The ever-watchful Rawlins enjoyed special license to be frank and even scold Grant. “It was no novel thing to hear the zealous subordinate administer to his superior a stiff verbal castigation because of some act that met the former’s stern disapproval,” said the cipher operator Samuel Beckwith. “And Grant never resented any reprimand bestowed by Rawlins.” Rawlins spoke to him with a freedom that flabbergasted onlookers. Only he could slap Grant on the back or engage in familiar banter. Grant shrank from profanity, yet he tolerated with amusement the barrage of oaths that constantly poured from Rawlins’s mouth.
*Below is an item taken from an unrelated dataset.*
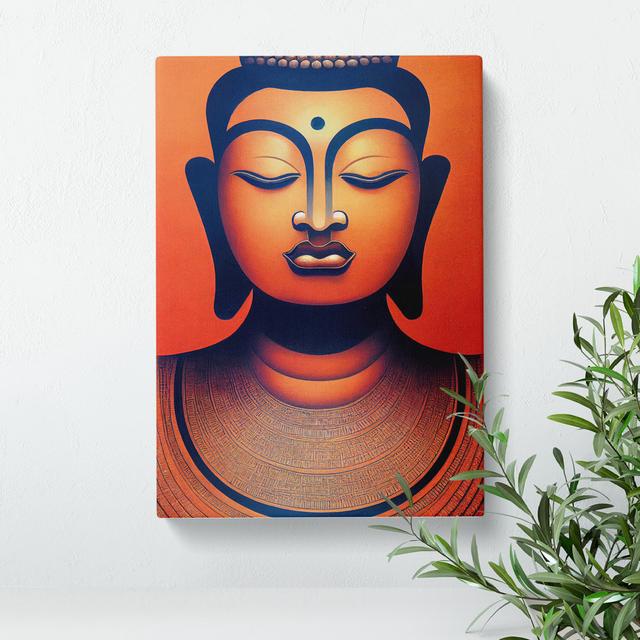 Soulful Buddha - Wrapped Canvas Graphic Art World Menagerie Size: 60cm H x 40cm W x 3cm D on Productcaster.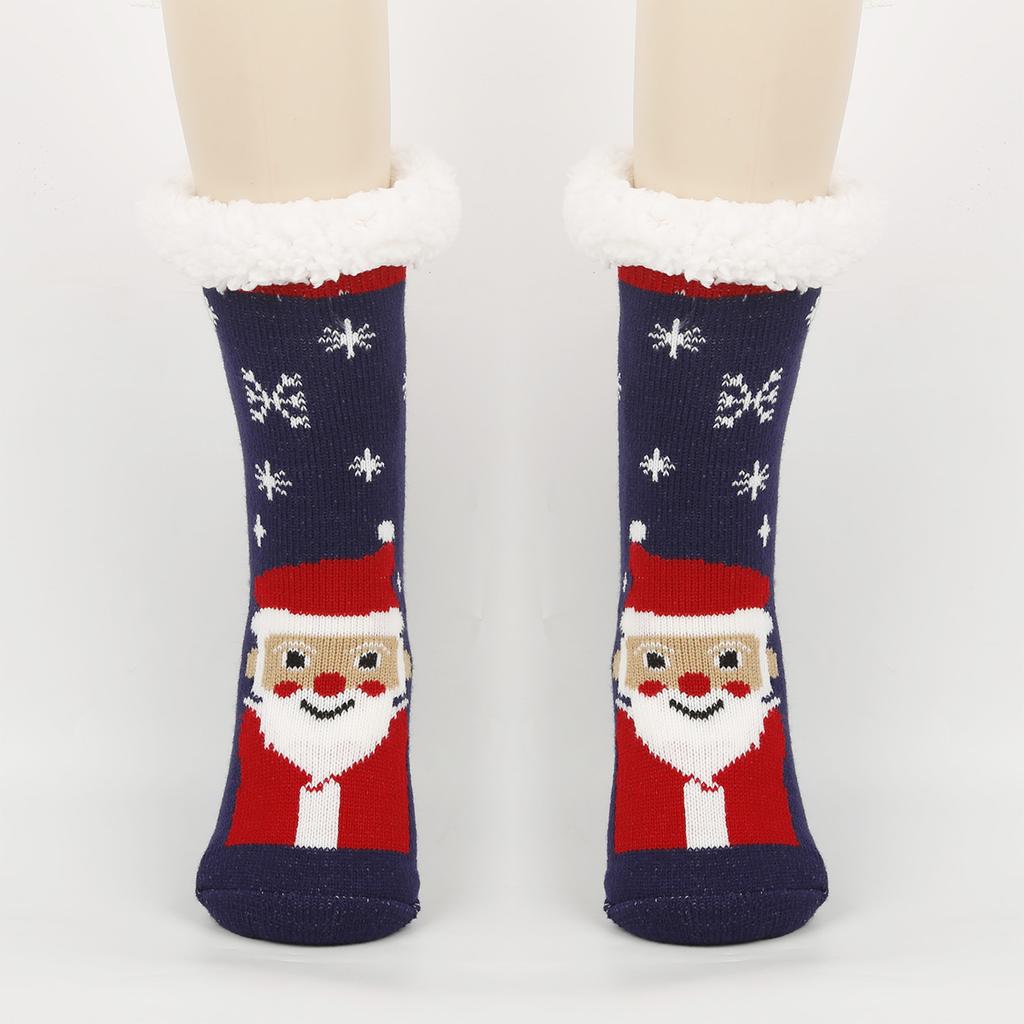 Women's Christmas Socks Floor Socks Snow Boots Thickened Fleece Home Sleep Socks Carpet Sock Covers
Because of the purity of his motives, Rawlins became Grant’s closest friend. “Gen. Grant was a man who made friends very slowly,” noted a journalist. “While he had a great many acquaintances, I think he had a very limited circle of friends—I mean men whom he trusted or whose advice he accepted.” Only Rawlins could penetrate the zone of privacy that Grant drew subtly about himself. With his single-minded devotion, Rawlins could confront him with uncomfortable truths and fiercely contest his judgment, spouting opinions in a stentorian voice. With his thoroughgoing skepticism and mistrust of people, he was the ideal foil to Grant’s excessively trusting nature. Rawlins “was always getting excited about something that had been done to Grant,” recalled Lieutenant Frank Parker. When someone showed disrespect for Grant, “he would prance around and say, ‘General, I would not stand such things’ to which Grant would say, ‘Oh, Rawlins! what’s the use in getting excited over a little thing like that; it doesn’t hurt me and it may make the other fellow feel a little good.’”
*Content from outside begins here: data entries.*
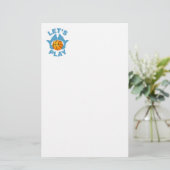 Laten we basketbal spelen briefpapier (Staand voorkant)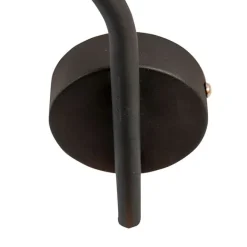 QAZQA Smarte moderne Deckenleuchte schwarz inkl. 3 WiFi B35 - Lofty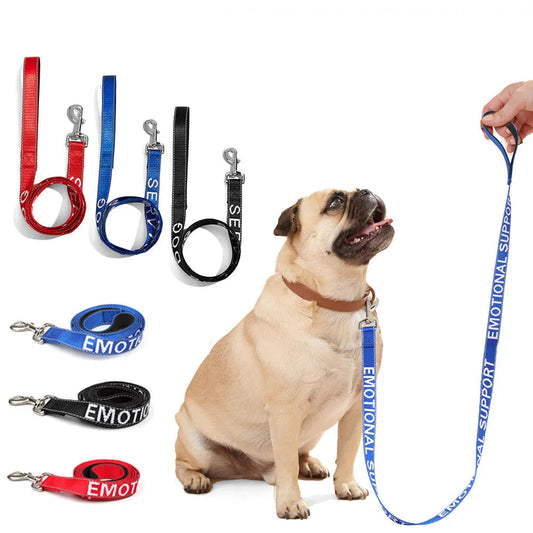 Klassische Reflektierende Nylon Hundeleine – Robuste Führleine für Assistenz- und Emotional Support Hunde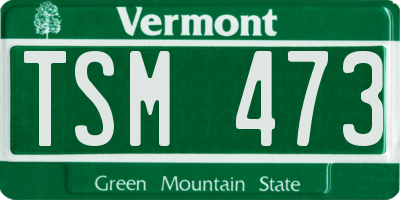 VT license plate TSM473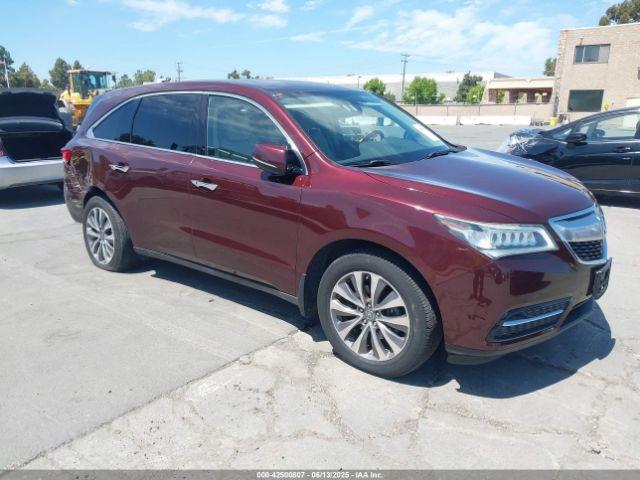  Salvage Acura MDX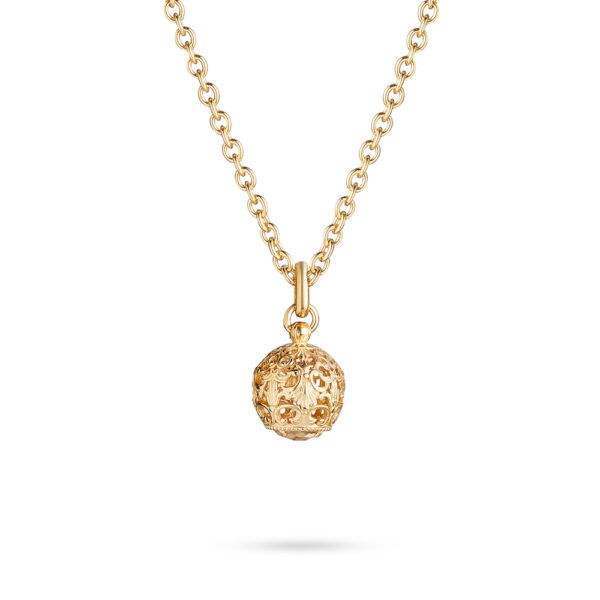 baroque minimal gold-plated women's silver ellius necklace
Perhaps because it contrasted vividly with his listless manner at the Galena store, Rawlins never forgot his initial glimpse of Grant at Cairo: “He had an office in a great bank there, and I was amazed at the quiet, prompt way in which he handled the multitude of letters, requisitions, and papers, sitting behind the cashier’s window-hole, with a waste basket under him, and orderlies to dispatch business as he did.” Fresh from personal calamity, Rawlins threw himself into a whirl of military activity. Before long, he worked day and night, tidying up Grant’s office, creating files, and instituting sound working procedures. Long politically active—Grant thought him the most influential young man in northern Illinois—Rawlins also assisted Grant in perfecting his relations with Washington. When Washburne boasted to Secretary of the Treasury Salmon P. Chase that Grant in Cairo was “doing wonders in bringing order out of chaos,” Rawlins surely deserved much of the credit.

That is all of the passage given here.